In this Arduino project having main components are Arduino kit, DC motor L298N Motor Drive IC. Here we have different ways how to control a DC Motor and also this is quite popular for many reasons which are Arduino DC Motor control using L298N.
A
DC motor is the simplest motor that beginners and hobbyists know. It is very easy to use: connect the two motor cables to the two terminals of a battery and that's it! Your motor starts spinning.
If you want to control the rotational speed of a simple
DC motor, there is a technique called
PWM DC motor control. The pulse width modulation or
PWM signal generated by this technique allows us to control the average voltage delivered to the
DC motor.
Now, the average voltage applied to the DC motor depends on what is known as the work cycle of the PWM signal. The working cycle of a PWM signal is nothing more than the ratio of the time the signal is activated or is HIGH to the total duration of the signal, that is, the time signal. The sum of the ON and OFF times.
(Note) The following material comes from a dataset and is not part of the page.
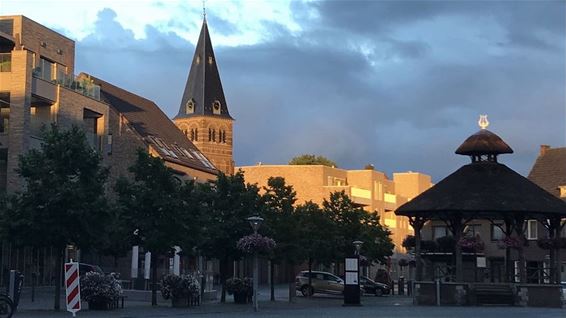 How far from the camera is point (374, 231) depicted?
6481 centimetres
The duty cycle is usually expressed as a percentage, and the following figure shows several PWM signals from a 12V supply with different duty cycles of 0%, 25%, 50%, 75% and 100%, respectively.
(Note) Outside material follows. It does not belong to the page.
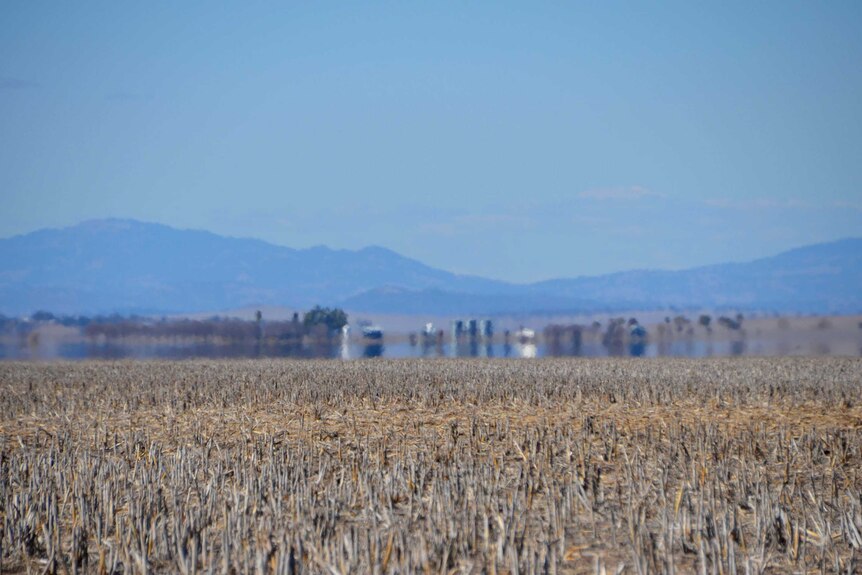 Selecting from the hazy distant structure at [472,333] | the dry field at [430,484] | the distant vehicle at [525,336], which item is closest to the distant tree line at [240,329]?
the hazy distant structure at [472,333]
The PWM Signal from any source like Arduino in this example, can be given to the gate of a MOSFET and depend on the duty cycle of the PWM Signal, the speed of the DC Motor will vary.
The following image shows a simple circuit diagram, where a PWM output from Arduino is given to a MOSFET and the 12V DC Motor is connected through the MOSFET.
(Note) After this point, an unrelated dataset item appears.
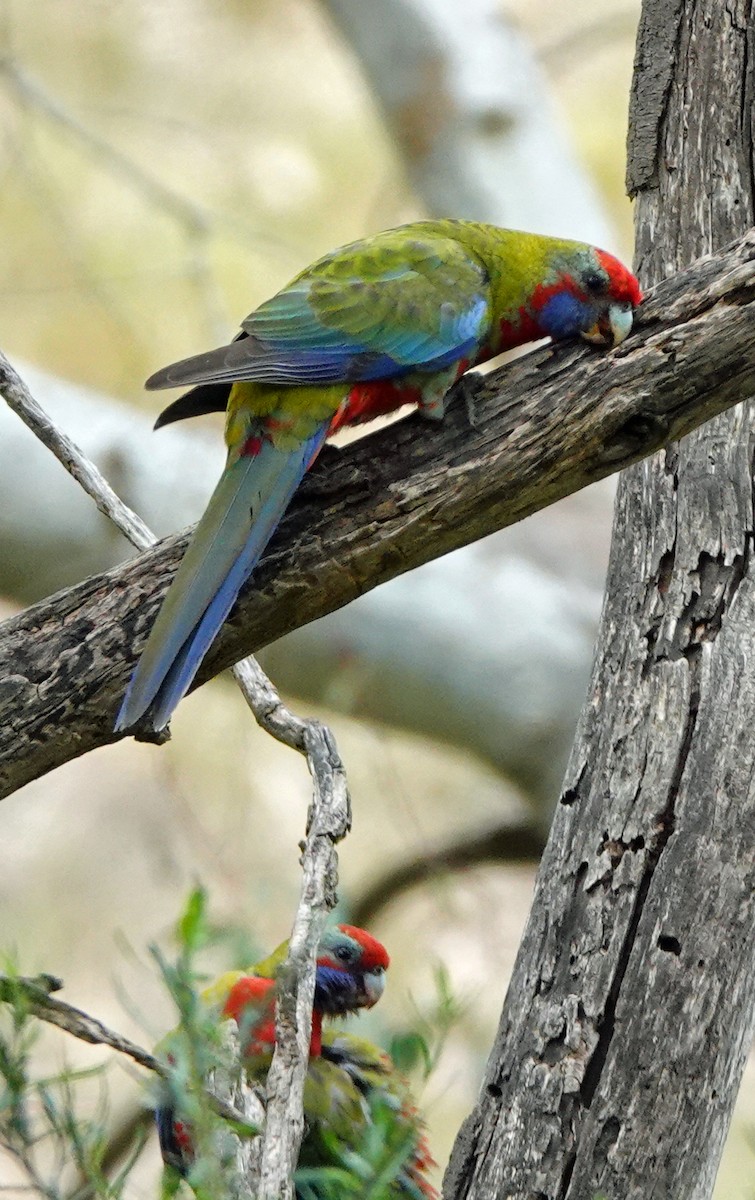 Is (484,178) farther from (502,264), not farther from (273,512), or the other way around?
(273,512)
The code is given below for above circuit. Using this code, the Arduino will vary the speed of a DC Motor in a fading fashion i.e. gradually increases the speed to peak and then gradually decreases the speed to halt.
Code for Arduino:
int PWMPin = 10;
int motorSpeed = 0
void setup()
{
}
void loop()
{
for (motorSpeed = 0 ; motorSpeed <= 255; motorSpeed += 10)
{
analogWrite(PWMPin, motorSpeed);
delay(30);
}
for (motorSpeed = 255 ; motorSpeed >= 0; motorSpeed -= 10)
{
analogWrite(PWMPin, motorSpeed);
delay(30);
}
}
This circuit is good for controlling the speed of the motor, but not for effectively changing the direction of rotation. To change the direction of rotation without inverting the motor cables every time you need to use a special circuit called H-bridge.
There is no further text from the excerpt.